Given the Johnstown man was part of a 3rd U.S. Army 26th Infantry that fought off Germans along the Rhine River during World War II’s pivotal Battle of the Bulge and dodged bullets marching through Europe under General George S. Patton’s command, Mikolaj said he’s not easily surprised.
But dozens of his family members did just that during a reunion Sunday, presenting him a handstitched quilt of valor – an honor given to veterans whose lives were touched by war.
“This is probably the biggest surprise of my life –
I don’t have too many of them,” Mikolaj said, clutching his patchwork red, white and blue quilt.
The quilt itself was created by the nonprofit Quilt of Valor Foundation, whose quilters have stitched tens of thousands of the blankets since 2005 for men and women who saw wartime combat or were injured at war.
“This quilt is totally unique. There will never be another like it,” his nephew Barry Ritko said moments after the quilt was presented.
Ritko’s wife, Mary Ann, has a sister in the foundation and pushed for the patriotic quilt.
Titled “Starstruck,” it was made by a Florida woman, Terri Smith, this spring, he said.
Mikolaj, who grew up in Cambria City and was drafted to serve his country in 1942, said he was humbled by the gift.
He described his three years of infantry service in the European theater as “just doing what was needed to serve my country ... and come back home.”
“I remember my drill sergeant telling me, `Don’t do what I do. Do what I tell you,’ " he said. “That’s what I did. I did my duty and I followed orders.”
He recalled days meeting Patton face to face and the uneasy days leading up to the Battle of the Bulge.
He remembered Patton as a no-nonsense “gung-ho” leader.
“It was war. Sometimes you took it on the chin and you did your job,” he said, crediting Patton for leading troops to victory.
The Bulge was the worst of times, he said. He recalled risking capture to pass information near German lines to an Army colonel – and weeks of “zigzagging” north, south, east and west to combat German offensives near the Rhine.
The battle lasted nearly a month and claimed more than 20,000 allied soldiers.
“We had to look out from every direction.
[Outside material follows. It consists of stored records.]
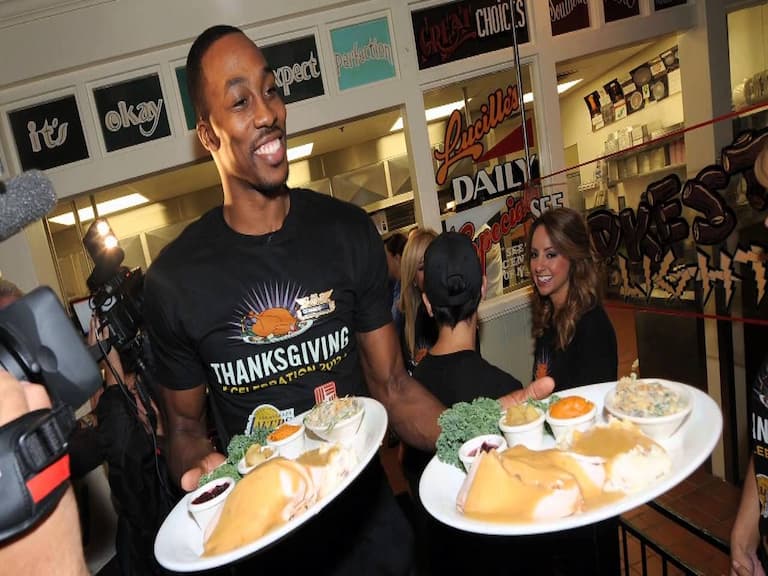 NBA／魔獸 Dwight Howard 飲食菜單曝光！各種甜食跟炸物讓網友驚呼「根本肥宅套餐！」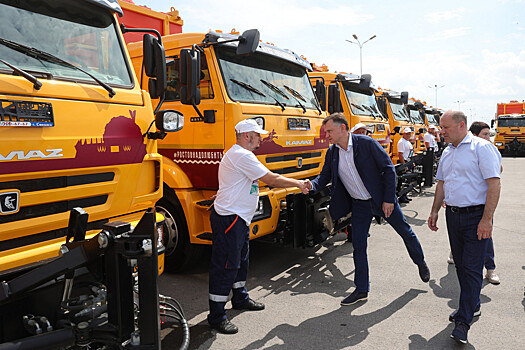 Ростов-на-Дону получил 34 новые машины для уборки улиц
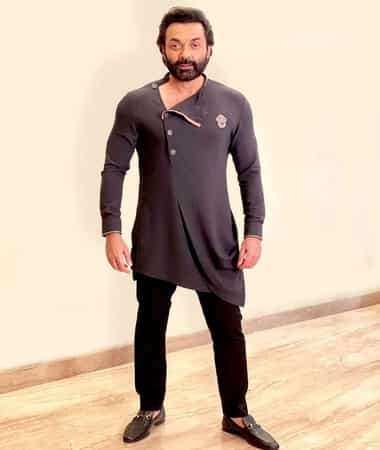 Bobby Deol ashram cast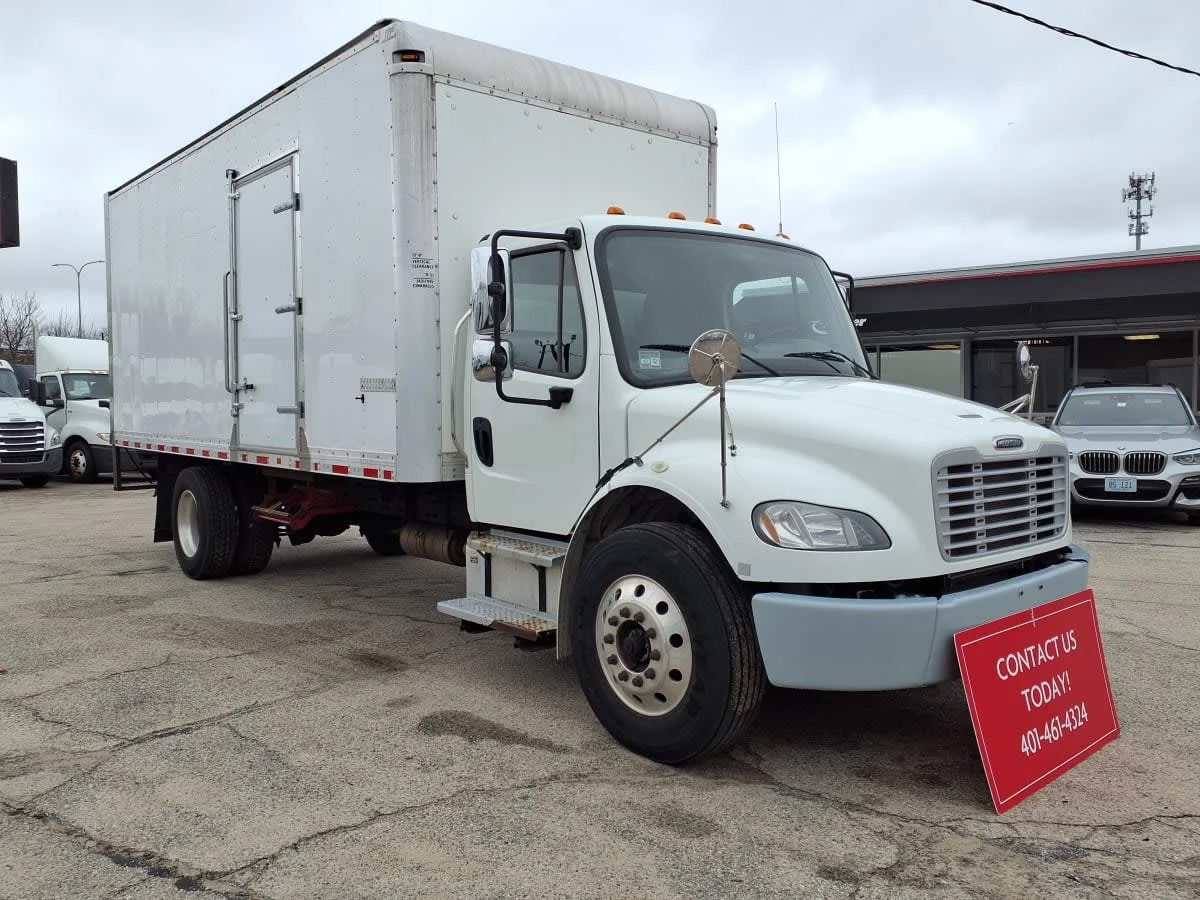 2020 Freightliner M2 106 in Warwick, RI — photo 3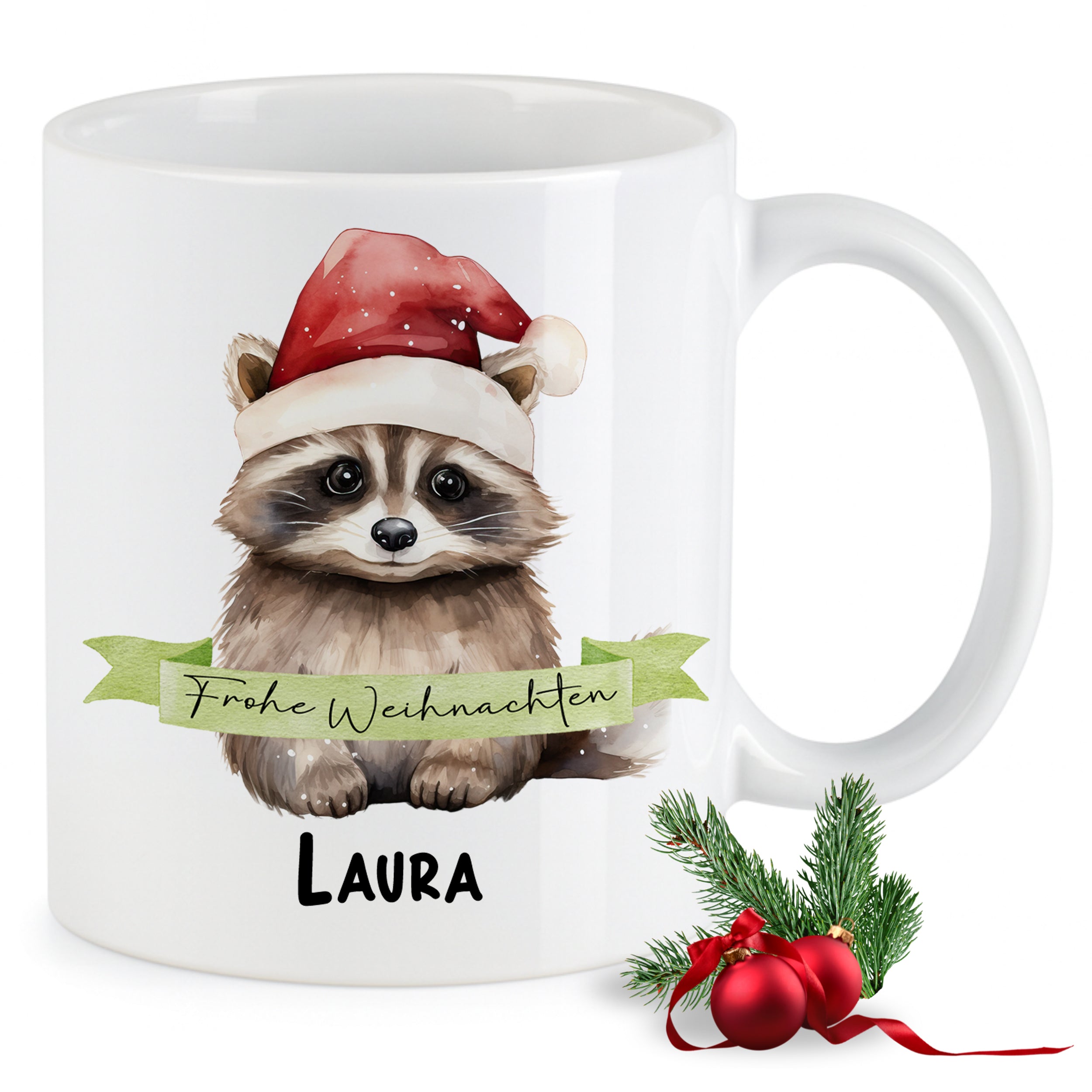Weißer Weihnachtsbecher mit Waschbär, rotem Hut und personalisiertem Namen.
We were on the fly,” he said.
Mikolaj remained in Europe until December 1945 _ months after Berlin fell and the Nazi’s surrendered.
He returned to Johnstown, where he found work as an electrical foreman for Bethlehem Steel, met his wife, Julia, and raised a family, Barry Ritko said.
“Family means everything to me,” Mikolaj said, surrounded by dozens of family members inside his greatnephew’s Westmont home. “I’m honored they did this for me.”